Overall, criticized loans remain in line with our historical performance during good economic conditions. It is worth noting that loans in the more severe substandard category were 1.8% of total loans at quarter-end versus 1.6% at year-end 2022 and 2023. The credit quality of our office loan portfolio remained stable and largely unchanged during the quarter. This loan segment represents $552 million, or 12.2% of total loans, and is split evenly between owner and non-owner-occupied properties. The average loan size is $1 million. They are diversified by geographic location, and we have little exposure to the core downtown markets. Criticized office loans are limited to just under $19 million, or 3.4% of total office loans. Page 17 of the investor presentation provides more detailed information about our office loan portfolio. During the quarter, we experienced total charge-offs of $550,000 that were split fairly evenly between commercial and consumer loans.
The losses were offset by $563,000 in recoveries, leading to net recoveries of $13,000 for the quarter. Most of the recovery was tied to one of the same loan payoffs that lowered our non-accrual loans. Through the first six months of the year, we are in a net recovery position of $46,000. While we continue to see movement back to a more normalized credit environment, the pace has been slower than expected. While our credit metrics remain strong, we remain watchful of the potential weaknesses in the broader economic environment. We are confident that our consistent and disciplined approach to credit underwriting and concentration management will continue to serve well in a wide variety of business cycles. I'll now turn the call over to Bryan for an update on loan production.
Bryan McDonald (President and CEO)
Thanks, Tony. I'm going to provide detail on our second quarter loan production results, starting with our commercial lending group. For the quarter, our commercial teams closed $218 million in new commitments, up from $133 million last quarter and up from $212 million closed in the second quarter of 2023. Please refer to page 13 in the investor presentation for additional detail on new originated loans over the past five quarters. The commercial loan pipeline ended the second quarter at $480 million, up from $409 million last quarter and up from $473 million at the end of the second quarter of 2023. Loan demand remained steady in the second quarter, with new opportunities replacing closed business. The growth in the loan pipeline versus first quarter was largely caused by the seasonality of new opportunities in our low-income housing construction business.

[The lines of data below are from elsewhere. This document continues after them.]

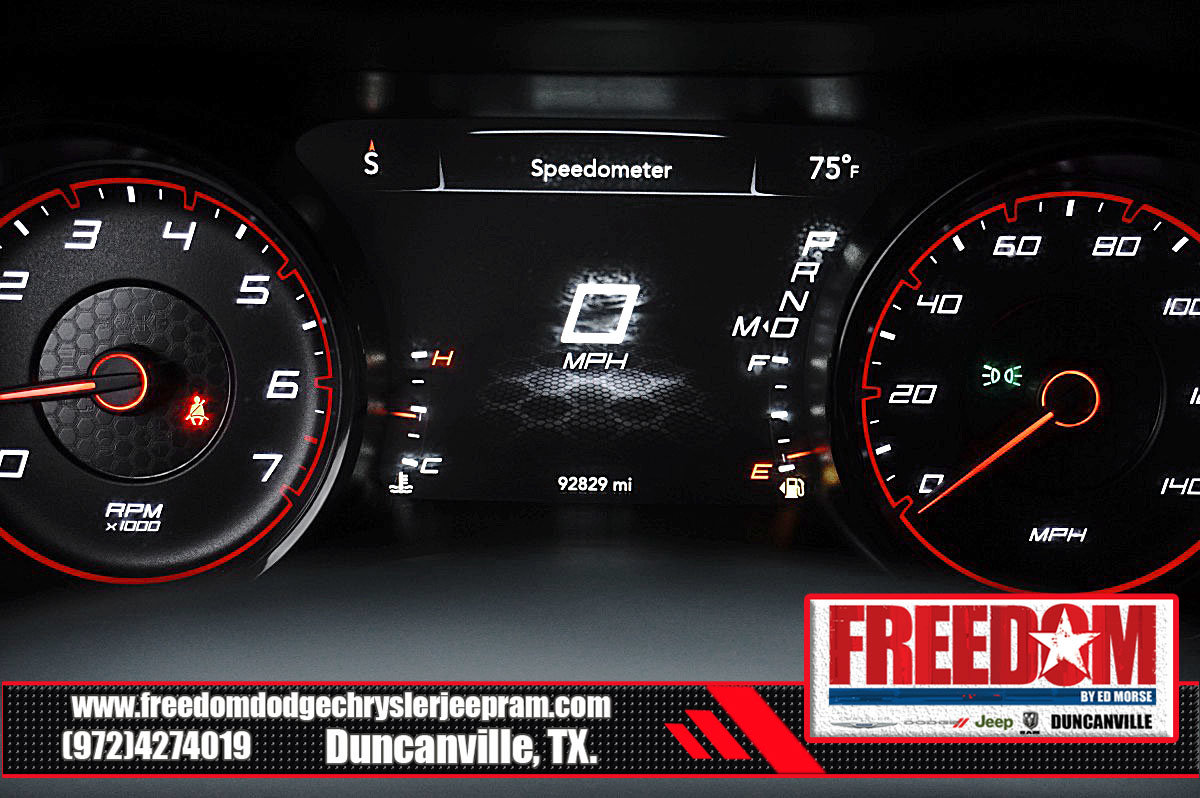 Used 2023 Dodge Charger SXT w/ Blacktop Package RWD image 29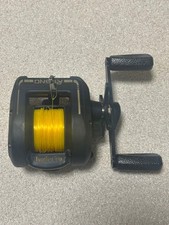 Ryobi Regno Light 4000 Baitcasting Reel, Lure Fishing, Excellent Condition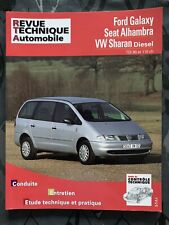 Revue technique volkswagen d'occasion  Villers-lès-Nancy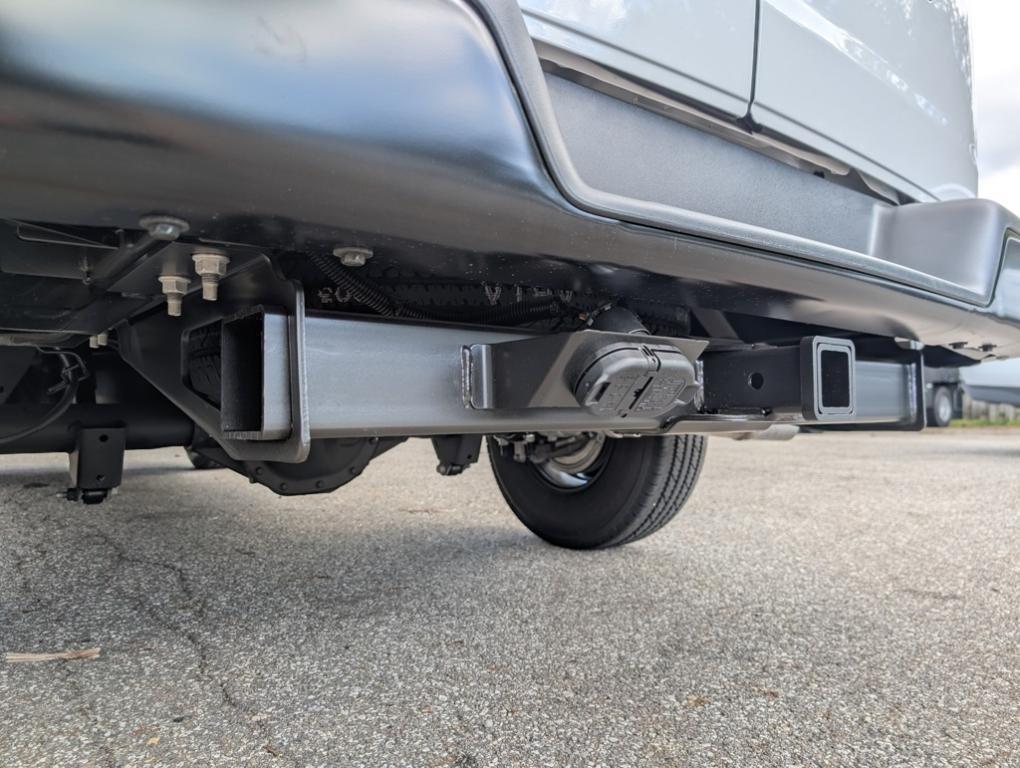 new 2025 Chevrolet Express 2500 car, priced at $46,695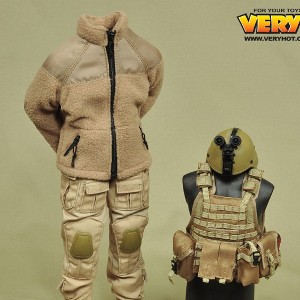 Mercenary Sand Version (studio)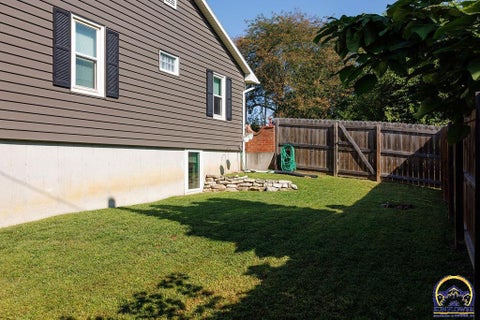 Tiny photo for 115 E 3rd St, Holton, KS 66436 (MLS # 246413)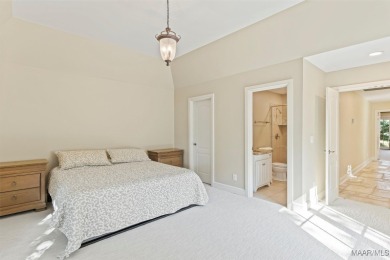 STUNNING Wynlakes custom built home, brilliantly combining on Wynlakes Golf and Country Club in Alabama - for sale on GolfHomes.com, golf home, golf lot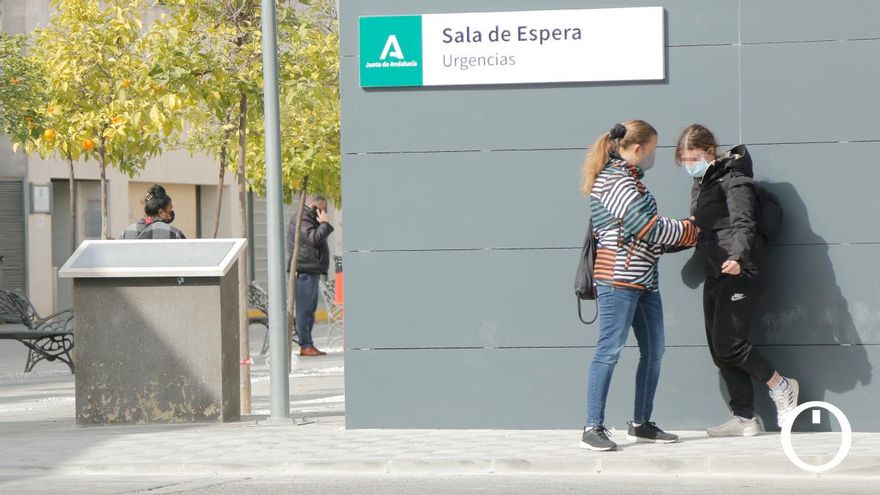 Salud notifica 519 nuevos casos y seis muertes por Covid en Córdoba en las últimas 48 horas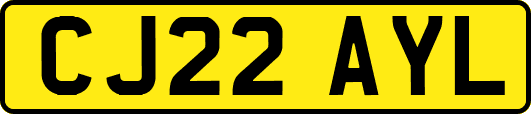 CJ22AYL
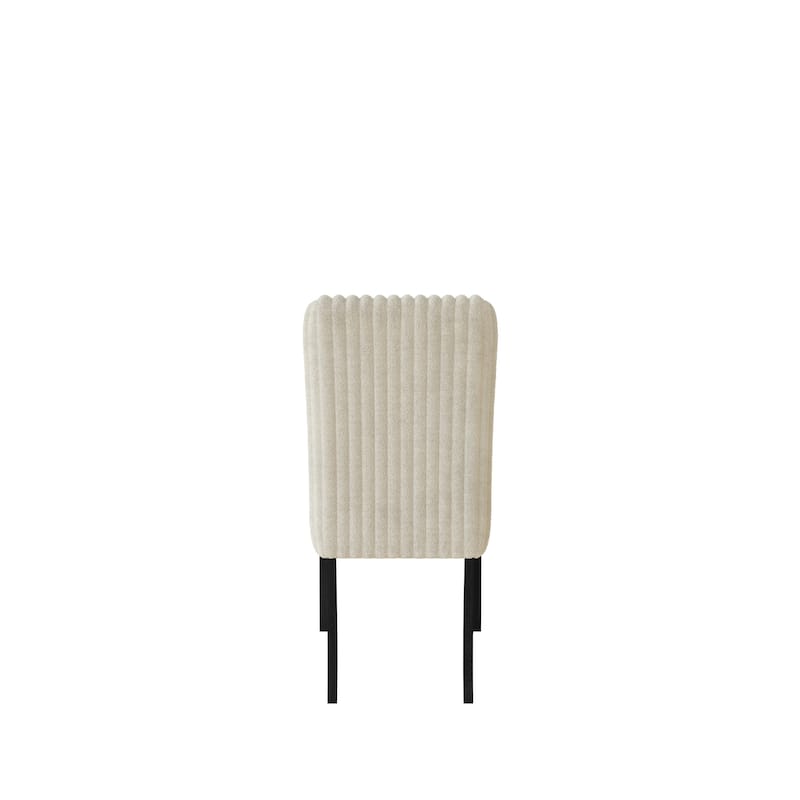 Greenville 5-pieces Dining Table and Chair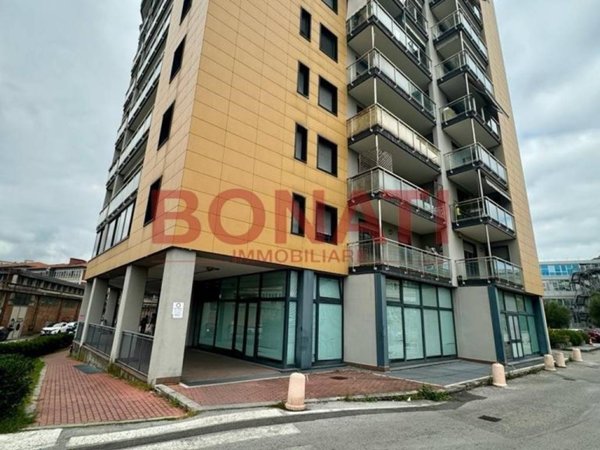 negozio in vendita a La Spezia in zona Canaletto / Buonviaggio / Migliarina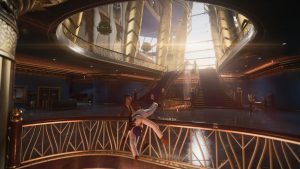 HITMAN 3 Screenshots SteamUnderground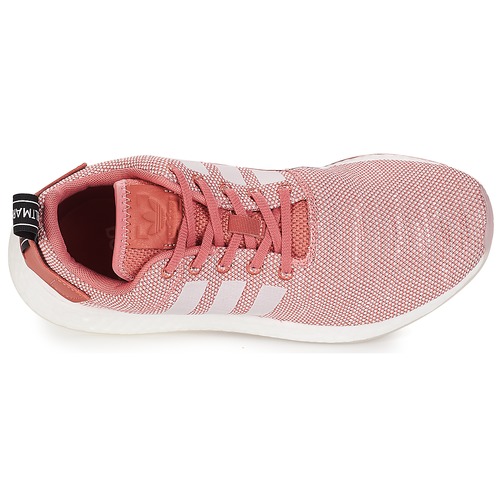 Sneakers-basse-NMD-R2-W-Rosa-5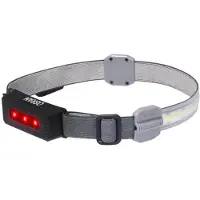 Ams-OSRAM Automotive LEDIL414 LEDinspect FLEXIBLE HEAD TORCH Werklamp LED werkt op een accu, werkt op USB 3.7 W 115 lm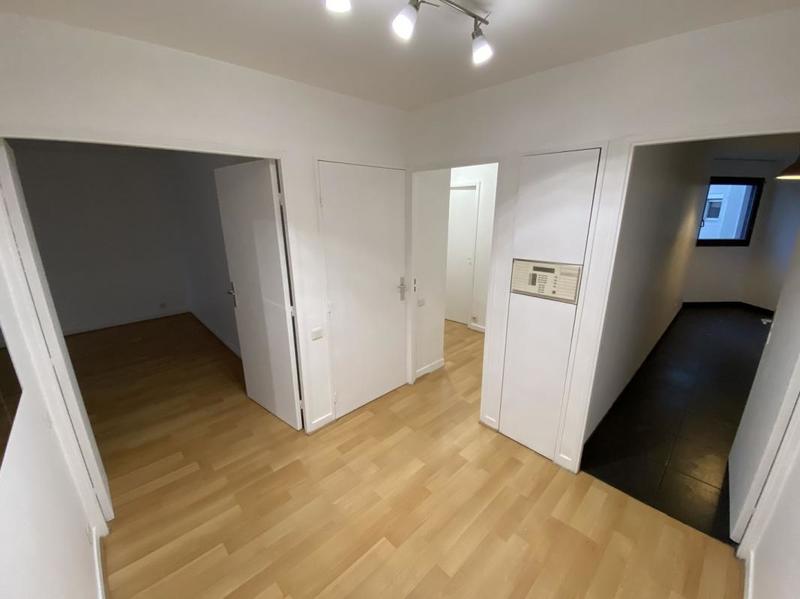Appartement - 71 m² - 3 pièces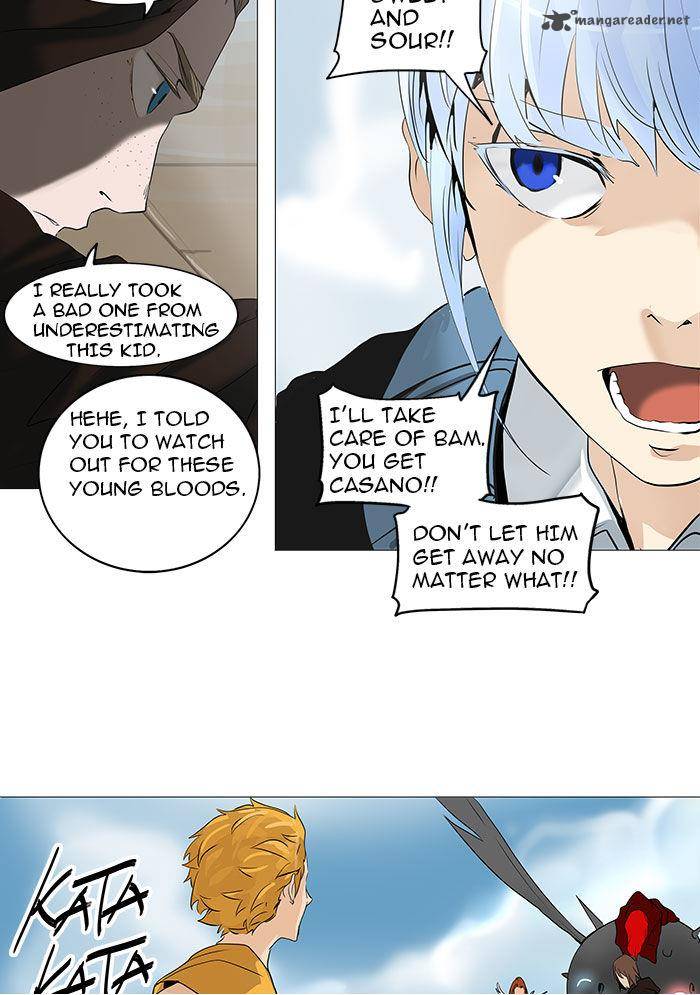 Tower of God Chapter 228 - Page 26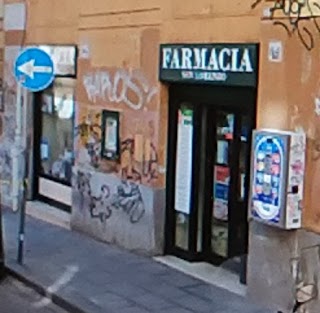 Farmacia Pinchetti S.n.c.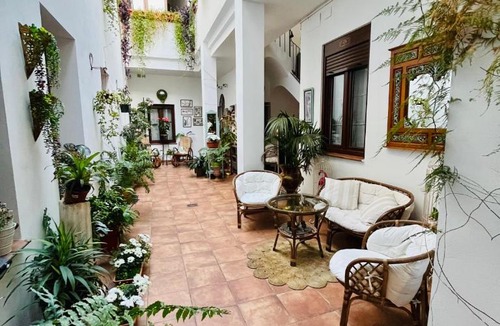 San Lorenzo Apartment | Casa Turística San Agustín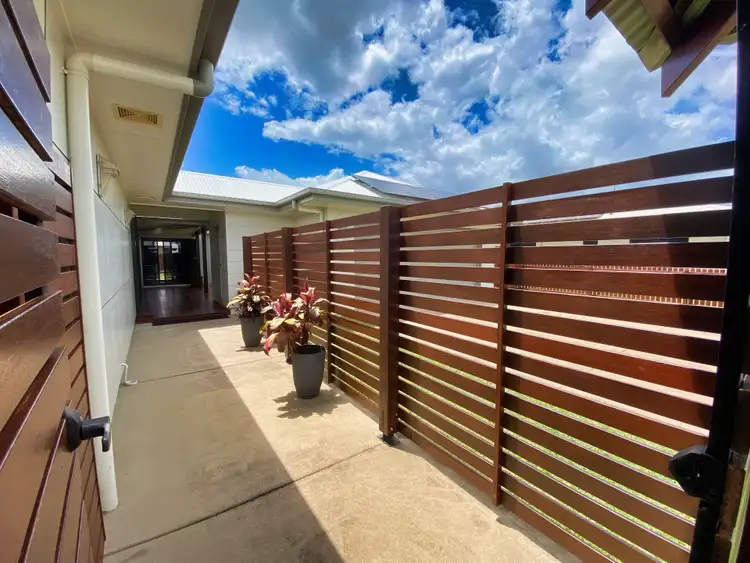 Second view of Homely house listing, 27 Millenium Drive, Sarina QLD 4737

Competition has continued at an elevated level for both real estate and commercial business loans, and we anticipate our pipeline will flatten from here or potentially decline to first quarter levels as the low-income housing-related loan opportunities cycle through. Loan growth for the second quarter was $104.5 million, up from $92.5 million last quarter. The growth was driven by a mortgage loan pool purchase of $25 million and $44 million of net advances on existing loans, most of which were construction loan advances. Please see slides 14 and 16 of the investor presentation for further detail on the change in loans during the quarter. We are unlikely to do additional mortgage pool purchases and expect higher construction loan payoffs going forward versus what we experienced in the first half of 2024.
Based on these factors and our pipeline expectations, we anticipate our loan growth rate will average low single digits for the remainder of the year. The deposit pipeline ended the quarter at $231 million, compared to $191 million last quarter, and average balances on new deposit accounts opened during the quarter are estimated at $77 million, compared to $40 million last quarter. Moving to interest rates, our average second quarter interest rate for new commercial loans was 6.88%, which is down 17 basis points versus the 7.05% average for last quarter. The decline was due to more competitive market conditions and lower rates in owner-occupied commercial real estate, non-owner-occupied commercial real estate, and C&I segments versus the first quarter. In addition, the second quarter rate for all new loans was 6.89%, down 26 basis points from 7.15% last quarter.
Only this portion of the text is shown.